**Brief descriptive captions:**
.....
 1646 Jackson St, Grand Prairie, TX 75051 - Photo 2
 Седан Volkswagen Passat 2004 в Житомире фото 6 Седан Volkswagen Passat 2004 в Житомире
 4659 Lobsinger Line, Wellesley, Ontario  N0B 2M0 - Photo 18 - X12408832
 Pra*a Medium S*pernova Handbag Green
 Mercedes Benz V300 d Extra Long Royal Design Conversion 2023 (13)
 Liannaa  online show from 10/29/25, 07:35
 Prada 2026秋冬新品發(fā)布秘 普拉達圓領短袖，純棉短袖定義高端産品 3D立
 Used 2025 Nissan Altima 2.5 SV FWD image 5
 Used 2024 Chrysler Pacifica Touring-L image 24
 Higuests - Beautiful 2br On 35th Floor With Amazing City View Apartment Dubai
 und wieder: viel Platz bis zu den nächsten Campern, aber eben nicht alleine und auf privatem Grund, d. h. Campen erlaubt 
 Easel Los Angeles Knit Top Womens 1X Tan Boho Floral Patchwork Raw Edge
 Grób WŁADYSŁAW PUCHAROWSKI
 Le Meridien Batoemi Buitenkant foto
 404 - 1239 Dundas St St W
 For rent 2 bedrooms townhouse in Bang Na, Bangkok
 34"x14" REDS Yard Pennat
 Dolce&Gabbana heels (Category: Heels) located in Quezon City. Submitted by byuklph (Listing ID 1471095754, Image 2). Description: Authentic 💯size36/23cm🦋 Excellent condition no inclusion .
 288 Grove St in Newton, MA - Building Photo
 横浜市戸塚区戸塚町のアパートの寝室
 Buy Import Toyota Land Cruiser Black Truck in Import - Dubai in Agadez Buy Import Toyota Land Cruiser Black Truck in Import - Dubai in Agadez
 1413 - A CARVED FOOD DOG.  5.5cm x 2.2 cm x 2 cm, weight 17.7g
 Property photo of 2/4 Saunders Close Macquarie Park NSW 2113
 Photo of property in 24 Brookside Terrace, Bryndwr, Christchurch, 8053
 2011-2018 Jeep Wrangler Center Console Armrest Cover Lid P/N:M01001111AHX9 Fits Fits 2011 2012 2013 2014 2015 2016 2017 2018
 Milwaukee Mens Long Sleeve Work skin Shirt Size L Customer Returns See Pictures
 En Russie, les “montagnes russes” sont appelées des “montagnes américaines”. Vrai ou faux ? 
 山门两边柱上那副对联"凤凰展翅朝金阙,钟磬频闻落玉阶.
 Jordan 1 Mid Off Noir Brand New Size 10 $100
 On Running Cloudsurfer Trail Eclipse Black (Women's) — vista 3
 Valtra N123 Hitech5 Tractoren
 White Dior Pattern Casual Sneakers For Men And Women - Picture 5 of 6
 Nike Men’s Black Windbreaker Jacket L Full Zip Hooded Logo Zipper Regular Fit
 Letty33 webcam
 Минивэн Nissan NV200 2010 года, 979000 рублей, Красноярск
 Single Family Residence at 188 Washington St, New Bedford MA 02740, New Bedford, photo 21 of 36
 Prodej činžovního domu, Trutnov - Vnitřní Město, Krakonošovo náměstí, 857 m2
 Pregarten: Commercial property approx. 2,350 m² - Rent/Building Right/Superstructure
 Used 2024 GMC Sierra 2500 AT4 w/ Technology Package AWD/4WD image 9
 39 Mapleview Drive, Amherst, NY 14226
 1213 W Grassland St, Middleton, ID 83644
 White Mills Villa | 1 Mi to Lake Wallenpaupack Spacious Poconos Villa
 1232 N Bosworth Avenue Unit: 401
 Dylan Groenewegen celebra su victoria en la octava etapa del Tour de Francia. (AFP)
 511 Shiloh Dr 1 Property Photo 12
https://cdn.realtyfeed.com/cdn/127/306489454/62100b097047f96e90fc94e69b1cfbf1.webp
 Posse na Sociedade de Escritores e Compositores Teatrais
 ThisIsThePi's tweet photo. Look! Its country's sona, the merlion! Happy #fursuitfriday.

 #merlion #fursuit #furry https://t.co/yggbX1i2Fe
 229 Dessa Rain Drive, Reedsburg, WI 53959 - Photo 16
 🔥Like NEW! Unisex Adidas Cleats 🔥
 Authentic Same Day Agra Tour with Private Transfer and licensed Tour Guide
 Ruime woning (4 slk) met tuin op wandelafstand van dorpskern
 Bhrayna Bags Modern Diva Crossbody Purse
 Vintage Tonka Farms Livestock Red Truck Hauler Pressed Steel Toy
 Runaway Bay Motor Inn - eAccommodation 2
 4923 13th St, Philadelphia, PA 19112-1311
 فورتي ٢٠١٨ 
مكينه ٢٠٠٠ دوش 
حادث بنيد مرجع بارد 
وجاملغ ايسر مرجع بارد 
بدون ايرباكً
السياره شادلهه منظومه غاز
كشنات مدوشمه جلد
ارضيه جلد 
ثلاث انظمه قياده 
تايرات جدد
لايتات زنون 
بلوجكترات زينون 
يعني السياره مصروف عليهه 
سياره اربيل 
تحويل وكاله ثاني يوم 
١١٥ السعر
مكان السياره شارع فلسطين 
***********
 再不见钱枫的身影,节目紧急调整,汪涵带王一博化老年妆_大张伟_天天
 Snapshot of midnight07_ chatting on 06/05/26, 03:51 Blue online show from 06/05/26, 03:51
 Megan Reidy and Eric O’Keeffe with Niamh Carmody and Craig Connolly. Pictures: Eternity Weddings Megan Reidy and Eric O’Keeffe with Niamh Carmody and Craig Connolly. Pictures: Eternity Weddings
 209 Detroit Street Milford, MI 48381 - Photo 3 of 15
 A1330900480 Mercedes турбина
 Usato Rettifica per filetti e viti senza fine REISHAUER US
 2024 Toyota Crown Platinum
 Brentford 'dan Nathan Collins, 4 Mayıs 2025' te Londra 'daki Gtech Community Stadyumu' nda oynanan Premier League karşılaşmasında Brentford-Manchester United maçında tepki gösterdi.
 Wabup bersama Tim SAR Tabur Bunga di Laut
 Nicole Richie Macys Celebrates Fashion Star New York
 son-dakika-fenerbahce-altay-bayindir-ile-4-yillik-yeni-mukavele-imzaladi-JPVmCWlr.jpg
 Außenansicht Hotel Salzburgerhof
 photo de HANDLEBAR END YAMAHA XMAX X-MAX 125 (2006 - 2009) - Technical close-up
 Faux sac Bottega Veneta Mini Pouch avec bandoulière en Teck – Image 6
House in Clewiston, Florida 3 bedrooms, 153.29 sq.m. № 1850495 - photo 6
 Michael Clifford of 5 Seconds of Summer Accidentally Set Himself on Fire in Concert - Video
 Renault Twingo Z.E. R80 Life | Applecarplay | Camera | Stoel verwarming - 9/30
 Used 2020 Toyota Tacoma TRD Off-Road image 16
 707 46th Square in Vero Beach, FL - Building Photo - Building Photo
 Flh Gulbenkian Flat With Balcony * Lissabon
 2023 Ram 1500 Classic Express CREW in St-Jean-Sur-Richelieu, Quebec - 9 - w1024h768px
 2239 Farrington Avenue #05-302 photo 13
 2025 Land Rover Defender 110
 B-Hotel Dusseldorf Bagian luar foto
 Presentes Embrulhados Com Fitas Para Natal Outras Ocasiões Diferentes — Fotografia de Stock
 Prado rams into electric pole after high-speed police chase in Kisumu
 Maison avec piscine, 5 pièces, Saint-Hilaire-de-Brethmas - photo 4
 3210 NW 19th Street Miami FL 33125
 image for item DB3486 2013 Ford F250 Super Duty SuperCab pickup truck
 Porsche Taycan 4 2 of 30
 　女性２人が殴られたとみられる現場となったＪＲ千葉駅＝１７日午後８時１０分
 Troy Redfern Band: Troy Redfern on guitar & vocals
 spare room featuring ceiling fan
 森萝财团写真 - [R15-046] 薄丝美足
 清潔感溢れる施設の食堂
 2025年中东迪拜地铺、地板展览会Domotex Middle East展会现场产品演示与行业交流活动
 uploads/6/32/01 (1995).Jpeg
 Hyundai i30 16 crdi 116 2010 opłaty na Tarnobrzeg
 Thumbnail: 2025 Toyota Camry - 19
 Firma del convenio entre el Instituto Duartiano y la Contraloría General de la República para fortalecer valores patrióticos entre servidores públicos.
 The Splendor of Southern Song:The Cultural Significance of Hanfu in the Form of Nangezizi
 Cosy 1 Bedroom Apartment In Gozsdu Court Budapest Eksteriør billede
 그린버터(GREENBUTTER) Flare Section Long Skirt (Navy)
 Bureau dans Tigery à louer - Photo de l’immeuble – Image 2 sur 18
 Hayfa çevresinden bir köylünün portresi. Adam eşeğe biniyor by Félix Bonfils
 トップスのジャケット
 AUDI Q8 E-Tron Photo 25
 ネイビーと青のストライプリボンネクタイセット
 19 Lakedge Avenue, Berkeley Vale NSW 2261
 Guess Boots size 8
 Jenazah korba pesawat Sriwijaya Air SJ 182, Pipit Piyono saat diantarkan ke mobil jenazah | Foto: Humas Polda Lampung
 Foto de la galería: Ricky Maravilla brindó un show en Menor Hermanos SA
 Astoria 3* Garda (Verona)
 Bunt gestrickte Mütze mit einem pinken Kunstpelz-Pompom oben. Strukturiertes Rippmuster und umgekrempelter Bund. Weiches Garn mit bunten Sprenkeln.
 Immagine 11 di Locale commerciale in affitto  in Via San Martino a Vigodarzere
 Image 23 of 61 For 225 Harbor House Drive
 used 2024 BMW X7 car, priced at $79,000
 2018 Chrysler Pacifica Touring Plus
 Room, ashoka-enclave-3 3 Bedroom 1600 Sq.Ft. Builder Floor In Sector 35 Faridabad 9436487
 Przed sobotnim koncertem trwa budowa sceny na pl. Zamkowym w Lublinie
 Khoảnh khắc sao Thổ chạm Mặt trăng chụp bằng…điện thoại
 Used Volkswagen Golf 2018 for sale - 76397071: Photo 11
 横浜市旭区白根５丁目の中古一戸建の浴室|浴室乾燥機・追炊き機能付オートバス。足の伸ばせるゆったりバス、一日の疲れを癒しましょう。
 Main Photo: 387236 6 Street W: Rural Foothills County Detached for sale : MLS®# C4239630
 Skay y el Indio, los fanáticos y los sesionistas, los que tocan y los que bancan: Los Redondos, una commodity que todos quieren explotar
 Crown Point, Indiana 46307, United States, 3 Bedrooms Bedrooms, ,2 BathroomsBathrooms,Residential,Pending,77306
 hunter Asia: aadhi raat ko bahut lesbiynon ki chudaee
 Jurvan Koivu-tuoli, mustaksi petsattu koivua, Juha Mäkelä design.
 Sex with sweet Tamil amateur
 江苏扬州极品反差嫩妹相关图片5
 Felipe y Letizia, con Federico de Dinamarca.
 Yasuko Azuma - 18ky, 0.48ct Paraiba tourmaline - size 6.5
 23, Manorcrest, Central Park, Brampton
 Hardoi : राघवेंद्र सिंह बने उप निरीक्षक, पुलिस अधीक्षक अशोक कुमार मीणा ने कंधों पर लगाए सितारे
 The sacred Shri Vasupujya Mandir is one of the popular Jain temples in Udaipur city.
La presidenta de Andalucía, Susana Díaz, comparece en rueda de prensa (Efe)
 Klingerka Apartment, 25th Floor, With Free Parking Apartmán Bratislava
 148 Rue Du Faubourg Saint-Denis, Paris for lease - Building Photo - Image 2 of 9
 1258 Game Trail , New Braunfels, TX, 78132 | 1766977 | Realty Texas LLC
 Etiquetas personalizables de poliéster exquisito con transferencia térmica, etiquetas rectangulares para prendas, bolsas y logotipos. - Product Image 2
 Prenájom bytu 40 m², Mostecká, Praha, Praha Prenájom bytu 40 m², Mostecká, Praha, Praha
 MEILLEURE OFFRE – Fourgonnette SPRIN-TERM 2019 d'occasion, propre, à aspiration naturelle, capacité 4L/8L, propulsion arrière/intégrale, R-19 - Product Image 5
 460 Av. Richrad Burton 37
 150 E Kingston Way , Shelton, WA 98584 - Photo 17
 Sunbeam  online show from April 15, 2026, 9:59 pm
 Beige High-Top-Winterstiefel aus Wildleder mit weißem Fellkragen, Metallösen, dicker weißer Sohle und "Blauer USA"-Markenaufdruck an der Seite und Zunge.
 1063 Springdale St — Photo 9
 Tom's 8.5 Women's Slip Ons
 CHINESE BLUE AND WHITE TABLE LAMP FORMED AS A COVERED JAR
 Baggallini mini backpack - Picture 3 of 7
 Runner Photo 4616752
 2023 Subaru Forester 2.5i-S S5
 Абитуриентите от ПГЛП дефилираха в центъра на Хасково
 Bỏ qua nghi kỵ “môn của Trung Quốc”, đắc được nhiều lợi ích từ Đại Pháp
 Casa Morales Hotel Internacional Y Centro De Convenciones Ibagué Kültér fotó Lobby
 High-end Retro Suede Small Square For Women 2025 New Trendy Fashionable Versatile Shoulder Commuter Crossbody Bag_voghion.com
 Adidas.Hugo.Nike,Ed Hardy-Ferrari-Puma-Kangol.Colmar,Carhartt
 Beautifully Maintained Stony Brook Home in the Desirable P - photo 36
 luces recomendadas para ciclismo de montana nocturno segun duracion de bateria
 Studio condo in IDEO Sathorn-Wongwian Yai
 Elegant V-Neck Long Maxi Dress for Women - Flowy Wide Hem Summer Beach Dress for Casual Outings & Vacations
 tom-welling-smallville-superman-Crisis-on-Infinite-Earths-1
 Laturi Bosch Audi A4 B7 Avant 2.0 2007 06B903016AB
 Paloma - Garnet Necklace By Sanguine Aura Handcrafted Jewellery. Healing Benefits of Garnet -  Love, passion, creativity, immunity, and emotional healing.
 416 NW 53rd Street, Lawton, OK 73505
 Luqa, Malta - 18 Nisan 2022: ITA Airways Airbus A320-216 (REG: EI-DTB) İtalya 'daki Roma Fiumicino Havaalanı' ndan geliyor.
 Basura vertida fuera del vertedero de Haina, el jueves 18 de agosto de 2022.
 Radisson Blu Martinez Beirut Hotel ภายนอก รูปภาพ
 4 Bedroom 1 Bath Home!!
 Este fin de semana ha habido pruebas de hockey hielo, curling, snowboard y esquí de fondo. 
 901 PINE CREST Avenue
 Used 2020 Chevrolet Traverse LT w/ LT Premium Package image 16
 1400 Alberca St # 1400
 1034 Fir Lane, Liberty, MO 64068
.....
**WHAT TO DO:** Output the lines above between the one holding "spare room featuring ceiling fan" and the one holding "그린버터(GREENBUTTER) Flare Section", inclusive, with nothing before or after them.

**EXERCISE OUTPUT:**
 spare room featuring ceiling fan
 森萝财团写真 - [R15-046] 薄丝美足
 清潔感溢れる施設の食堂
 2025年中东迪拜地铺、地板展览会Domotex Middle East展会现场产品演示与行业交流活动
 uploads/6/32/01 (1995).Jpeg
 Hyundai i30 16 crdi 116 2010 opłaty na Tarnobrzeg
 Thumbnail: 2025 Toyota Camry - 19
 Firma del convenio entre el Instituto Duartiano y la Contraloría General de la República para fortalecer valores patrióticos entre servidores públicos.
 The Splendor of Southern Song:The Cultural Significance of Hanfu in the Form of Nangezizi
 Cosy 1 Bedroom Apartment In Gozsdu Court Budapest Eksteriør billede
 그린버터(GREENBUTTER) Flare Section Long Skirt (Navy)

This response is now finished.